By glossing over what actually happened here, and the complexities of the pending litigation, Consumer Watchdog and the media are missing the complexities of this issue, complexities that must be discussed in order to arrive at the right conclusion. I’ll mention two here since my space is limited.
Number one: Privacy is contextual and encompasses a number of things – while an individual’s e-mails may be scanned, whether that person’s privacy has been violated depends, at least in part, on the use to which that information has been put, whether that information has been shared, and whether the user consented to that use and/or sharing. The mere fact that Google asserts that an individual must expect his or her e-mail will be processed when sent – a noncontroversial proposition in today’s day and age – does not mean that the individual’s privacy has been violated. If you cannot accept the notion that a third party is going to process your e-mail, you might as well shut down your computer, throw away your smartphone and go off the grid entirely. Gmail users get free e-mail in exchange for agreeing to receive targeted advertising based on automated scanning of e-mails. If you cannot accept that notion, don’t use Gmail. Non-Gmail users who send e-mails to Gmail users know that someone is going to process that e-mail to send it to the recipient. Whether those users also consent to having their e-mails scanned for other purposes – that’s the real question that requires analysis. But that’s lost in this mess.

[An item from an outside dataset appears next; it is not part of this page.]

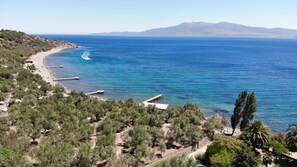 A coastal landscape with a beach, a pier, and a mountainous backdrop.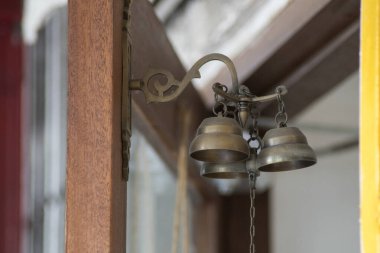 Kahverengi ahşap kapıda eski bakır çan.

Number two: There is a legitimate question requiring legal analysis – and that the court will presumably evaluate in ruling on Google’s arguments – as to whether the Fourth Amendment third-party doctrine should apply in the context of a California statutory claim challenging Gmail scanning of users’ e-mail for advertising or other purposes. That’s also an important legal debate that deserves attention.
But the headlines did not read, “Google Erroneously Claims That Non-Gmail Users Should Expect Their E-mails Will Be Scanned for Advertising Purposes” or “Google Improperly Invokes the Third-Party Doctrine In Defending Gmail Privacy Claims.” Nope. Instead, the headlines read, “GOOGLE: If You Send To Gmail, You Have 'No Legitimate Expectation Of Privacy'.” And, even better, in Consumer Watchdog’s response to clarifications regarding the story, “Google Is Either Lying To The Court Or To The Public, Consumer Watchdog Says.”
What do such headlines accomplish? They sell newspapers. (Well, no, probably not, but they might draw page views.) They incite anger and suspicion as to whether corporate America is flat-out lying to the public about privacy practices, anger that is already at an all-time high due to the recent revelations regarding the NSA surveillance programs. When I posted a short note on a popular legal and information security listserv last week clarifying the facts as to what Google said, I was greeted with the famous Spiderman quote, “With great power comes great responsibility.” Yes, really. Because I pointed out that Google cited a Supreme Court case.
Google is entitled to defend itself based on existing law. Privacy advocates, consumers and regulators who take issue with Google’s position should contest Google’s interpretation of the law in court. But mischaracterizing Google’s legal argument to suggest that Google doesn’t care about people’s privacy, for lack of a better description, doesn’t serve to advance the interests of privacy or consumer protection.